A Microphysiological System to Study Leukocyte-Endothelial Cell Interaction during Inflammation Article (Faculty180)

cited authors

  • Yang, Qingliang; Langston, Jordan C; Tang, Yuan; Prabhakarpandian, Balabhaskar; Kilpatrick, Lauri E; Kiani, Mohammad F


  • Leukocyte-endothelial cell interactions play an important role in inflammatory diseases such as sepsis. During inflammation, excessive migration of activated leukocytes across the vascular endothelium into key organs can lead to organ failure. A physiologically relevant biomimetic microfluidic assay (bMFA) has been developed and validated using several experimental and computational techniques, which can reproduce the entire leukocyte rolling/adhesion/migration cascade to study leukocyte-endothelial cell interactions. Microvascular networks obtained from in vivo images in rodents were digitized using a Geographic Information System (GIS) approach and microfabricated with polydimethylsiloxane (PDMS) on a microscope slide. To study the effect of shear rate and vascular topology on leukocyte-endothelial cell interactions, a Computational Fluid Dynamics (CFD) model was developed to generate a corresponding map of shear rates and velocities throughout the network.
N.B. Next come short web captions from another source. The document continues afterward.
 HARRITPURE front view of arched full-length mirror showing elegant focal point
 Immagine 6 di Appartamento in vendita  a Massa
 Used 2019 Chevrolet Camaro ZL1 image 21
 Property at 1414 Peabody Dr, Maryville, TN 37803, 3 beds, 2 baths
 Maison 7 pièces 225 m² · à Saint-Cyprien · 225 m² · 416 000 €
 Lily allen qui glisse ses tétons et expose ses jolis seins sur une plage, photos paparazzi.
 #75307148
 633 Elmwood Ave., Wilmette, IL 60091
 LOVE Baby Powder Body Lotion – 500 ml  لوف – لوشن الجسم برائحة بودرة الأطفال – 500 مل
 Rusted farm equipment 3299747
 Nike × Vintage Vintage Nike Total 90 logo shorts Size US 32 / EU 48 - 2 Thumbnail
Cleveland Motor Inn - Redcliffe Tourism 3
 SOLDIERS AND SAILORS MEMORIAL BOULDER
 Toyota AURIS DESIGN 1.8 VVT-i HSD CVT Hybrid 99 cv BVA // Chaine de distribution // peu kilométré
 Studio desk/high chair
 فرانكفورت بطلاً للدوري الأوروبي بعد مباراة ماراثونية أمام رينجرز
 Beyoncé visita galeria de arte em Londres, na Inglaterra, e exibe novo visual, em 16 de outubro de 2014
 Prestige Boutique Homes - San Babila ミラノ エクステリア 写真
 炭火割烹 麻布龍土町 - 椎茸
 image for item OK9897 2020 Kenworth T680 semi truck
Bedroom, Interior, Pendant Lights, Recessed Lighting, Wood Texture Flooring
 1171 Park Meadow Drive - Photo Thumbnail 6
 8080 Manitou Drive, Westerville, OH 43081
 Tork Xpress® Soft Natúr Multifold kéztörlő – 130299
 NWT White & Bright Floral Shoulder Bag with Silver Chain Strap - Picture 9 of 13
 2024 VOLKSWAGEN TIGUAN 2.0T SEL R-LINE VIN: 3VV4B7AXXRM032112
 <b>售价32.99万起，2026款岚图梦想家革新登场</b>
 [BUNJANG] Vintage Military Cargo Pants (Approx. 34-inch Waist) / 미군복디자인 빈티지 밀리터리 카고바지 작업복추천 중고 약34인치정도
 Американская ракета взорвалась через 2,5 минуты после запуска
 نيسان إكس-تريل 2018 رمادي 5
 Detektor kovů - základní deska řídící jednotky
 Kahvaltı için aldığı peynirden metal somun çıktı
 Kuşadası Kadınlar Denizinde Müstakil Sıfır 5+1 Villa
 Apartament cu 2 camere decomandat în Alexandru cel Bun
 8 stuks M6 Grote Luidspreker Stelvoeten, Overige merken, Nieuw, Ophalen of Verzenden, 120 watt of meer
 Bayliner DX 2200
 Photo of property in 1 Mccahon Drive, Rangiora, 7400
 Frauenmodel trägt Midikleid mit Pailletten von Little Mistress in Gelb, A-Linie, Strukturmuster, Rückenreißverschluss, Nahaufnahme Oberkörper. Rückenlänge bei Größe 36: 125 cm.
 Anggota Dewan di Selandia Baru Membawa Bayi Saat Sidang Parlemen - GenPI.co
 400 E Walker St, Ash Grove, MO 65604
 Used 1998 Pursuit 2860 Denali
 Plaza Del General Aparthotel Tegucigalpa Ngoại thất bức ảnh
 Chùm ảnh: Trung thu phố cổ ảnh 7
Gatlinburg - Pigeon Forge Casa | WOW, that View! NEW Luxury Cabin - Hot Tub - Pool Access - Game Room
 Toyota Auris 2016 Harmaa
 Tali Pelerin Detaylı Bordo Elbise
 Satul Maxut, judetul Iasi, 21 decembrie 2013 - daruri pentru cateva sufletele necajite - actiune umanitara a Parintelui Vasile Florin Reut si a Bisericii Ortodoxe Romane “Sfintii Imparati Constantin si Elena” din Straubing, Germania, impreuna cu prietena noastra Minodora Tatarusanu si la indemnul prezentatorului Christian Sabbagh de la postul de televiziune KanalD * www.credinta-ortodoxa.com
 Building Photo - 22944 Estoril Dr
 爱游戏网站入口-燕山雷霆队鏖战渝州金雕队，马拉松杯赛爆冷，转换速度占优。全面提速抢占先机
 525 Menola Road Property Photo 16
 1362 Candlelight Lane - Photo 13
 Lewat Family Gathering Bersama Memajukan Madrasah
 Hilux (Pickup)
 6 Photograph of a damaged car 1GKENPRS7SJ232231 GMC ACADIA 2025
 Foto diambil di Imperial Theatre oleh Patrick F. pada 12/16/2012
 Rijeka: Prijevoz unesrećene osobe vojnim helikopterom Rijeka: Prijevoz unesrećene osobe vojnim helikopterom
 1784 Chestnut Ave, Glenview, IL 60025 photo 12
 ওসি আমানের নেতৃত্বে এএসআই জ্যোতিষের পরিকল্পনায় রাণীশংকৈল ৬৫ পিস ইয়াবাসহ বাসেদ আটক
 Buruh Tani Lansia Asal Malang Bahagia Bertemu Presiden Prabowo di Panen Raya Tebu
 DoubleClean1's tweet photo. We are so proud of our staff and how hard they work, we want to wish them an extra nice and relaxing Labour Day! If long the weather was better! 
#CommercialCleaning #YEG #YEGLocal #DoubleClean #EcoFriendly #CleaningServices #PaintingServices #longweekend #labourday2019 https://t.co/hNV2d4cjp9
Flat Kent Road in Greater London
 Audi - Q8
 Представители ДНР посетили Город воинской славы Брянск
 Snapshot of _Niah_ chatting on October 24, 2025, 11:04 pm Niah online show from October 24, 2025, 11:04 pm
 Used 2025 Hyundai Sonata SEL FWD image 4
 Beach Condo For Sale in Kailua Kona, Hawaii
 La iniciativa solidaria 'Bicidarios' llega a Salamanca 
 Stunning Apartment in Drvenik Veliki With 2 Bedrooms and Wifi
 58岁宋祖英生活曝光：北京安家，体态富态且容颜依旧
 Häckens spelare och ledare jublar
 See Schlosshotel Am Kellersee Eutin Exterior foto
The bMFA enables the quantification of leukocyte-endothelial cells interactions, including rolling velocity, number of adhered leukocytes in response to different shear rates, number of migrated leukocytes, endothelial cell permeability, adhesion molecule expression and other important variables. Furthermore, by using human-related samples, such as human endothelial cells and leukocytes, bMFA provides a tool for rapid screening of potential therapeutics to increase their clinical translatability.